Simulating computation of the expected value of random variable Y

I have been given the following task: Compute the expected value of Y=e^{-X}(X is uniform between 0 and 1) with a simulation in R. Plot the expected value as a function of the number of simulations where n is an integer between 1 and 10000 The pdf of this function is: f(y) = 1/y, for 1/e < y < 1.

The formula of finding expect value is of course: E[Y] = integrate(y * 1/y dy)

How do you simulate something likes this ? I expect you draw random sample between (1/e < y < 1) but the pdf of the distribution has different probabilities depending on what you draw it seems.

I thought about using the "sample" or "runif" functions but i can't figure out how to make those functions work with different probabilities.

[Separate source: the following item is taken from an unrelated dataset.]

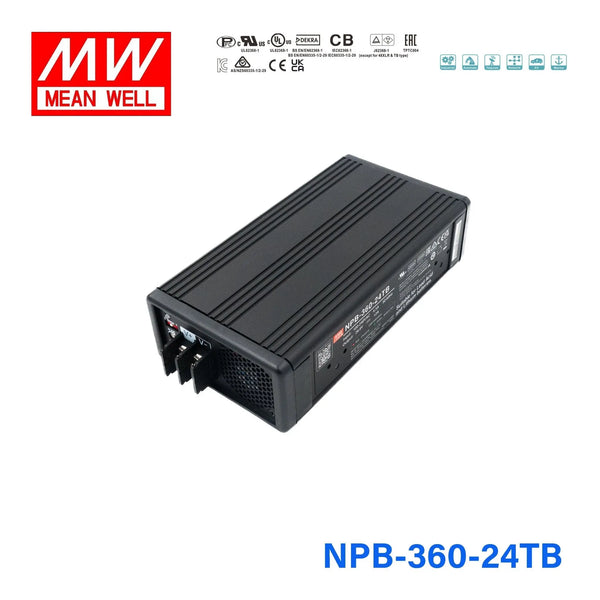 NPB-360-24TB MEAN WELL Power Supply | HTD Electronics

You could use the fact that the random variable U = F(Y) is uniform, where F is the cumulative density function of the random variable Y (with pdf 1/y). You then have that Y = F^-1(U). This means that you can sample from a uniform variable and then transform it through F^-1(U) to get a sample from Y. You can then take the mean of your sample. This is known as inverse sampling transformation.

For your example you have F(y) = ln(y) + 1 and F^-1(u) = exp(u - 1). It is then easy to get a sample:

n = 1000
u = runif(n)
y = exp(u - 1)
mean(y)
0.6342477

which is very near the true mean of 0.6321206 (1 - 1/e).

EDIT

To see how the estimated mean changes with how many samples you simulate you could do something like this:

sample_y = function(n){
  u = runif(n)
  y = exp(u - 1)
  mean(y)
}

n = seq(10, 20000, 10)
res = sapply(n, sample_y)
ts.plot(res)

It stabilizes around the true mean very quickly and the variation around the mean gets smaller and smaller as n grows.